-- ABOUT THIS TASK --
Below is a listing. Return the lines from the one that contains "View of a Garita and the Ocean" to the one that contains "Cookinglife Kartonnen Koffiebekers", both ends included, verbatim and with no pictures.

-- DATA SUPPLIED --

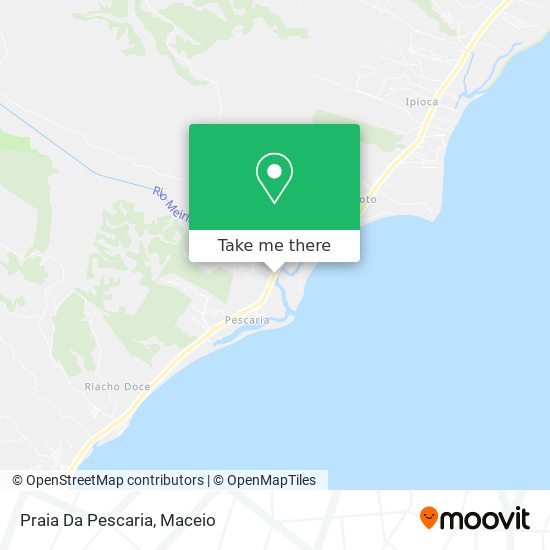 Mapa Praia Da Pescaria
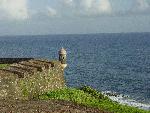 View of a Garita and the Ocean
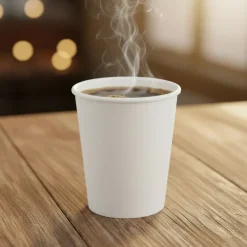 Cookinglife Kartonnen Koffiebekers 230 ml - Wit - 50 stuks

---

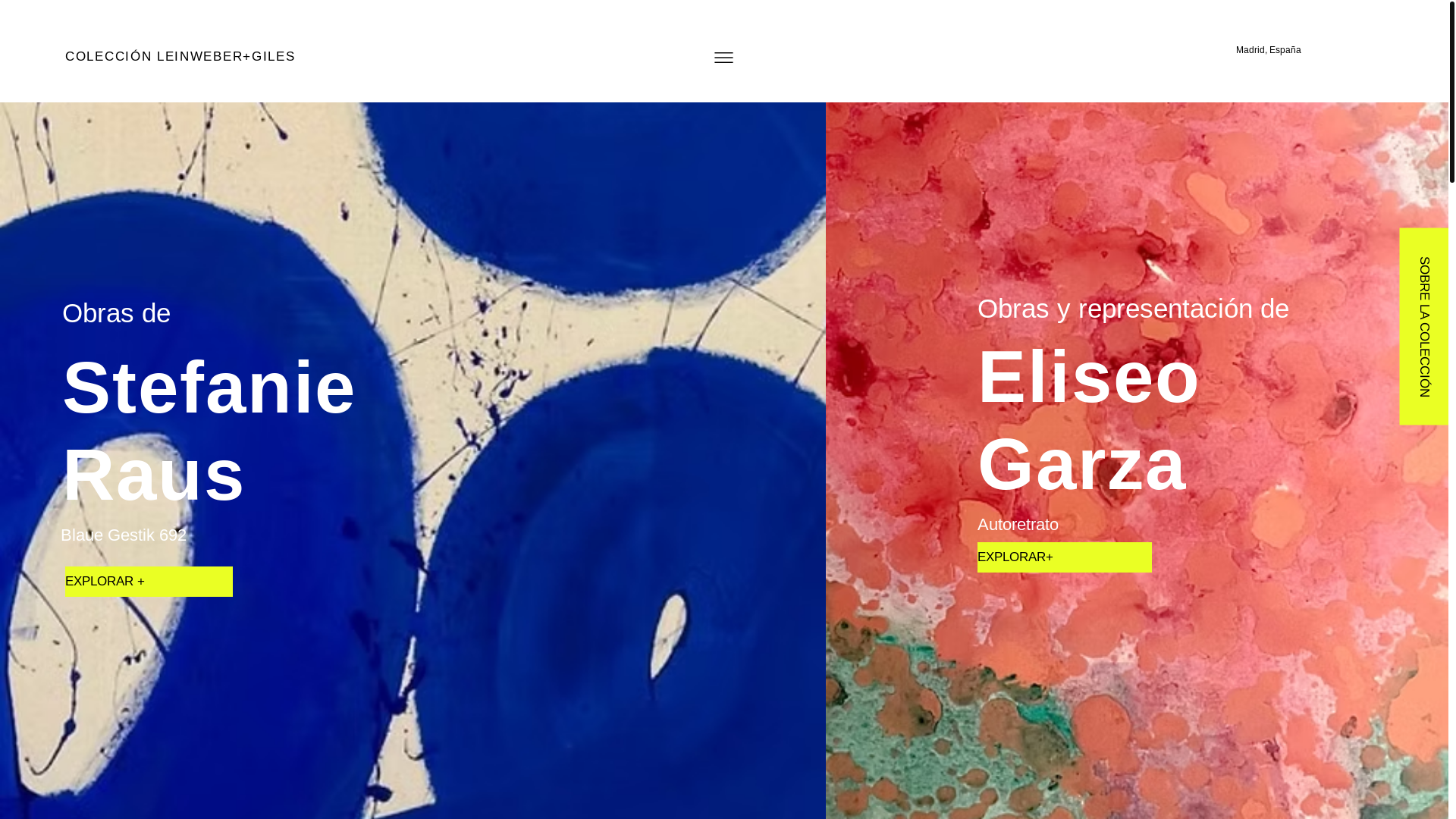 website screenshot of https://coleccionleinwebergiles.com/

-- SOLUTION TO THE PROBLEM --
 View of a Garita and the Ocean
 Cookinglife Kartonnen Koffiebekers 230 ml - Wit - 50 stuks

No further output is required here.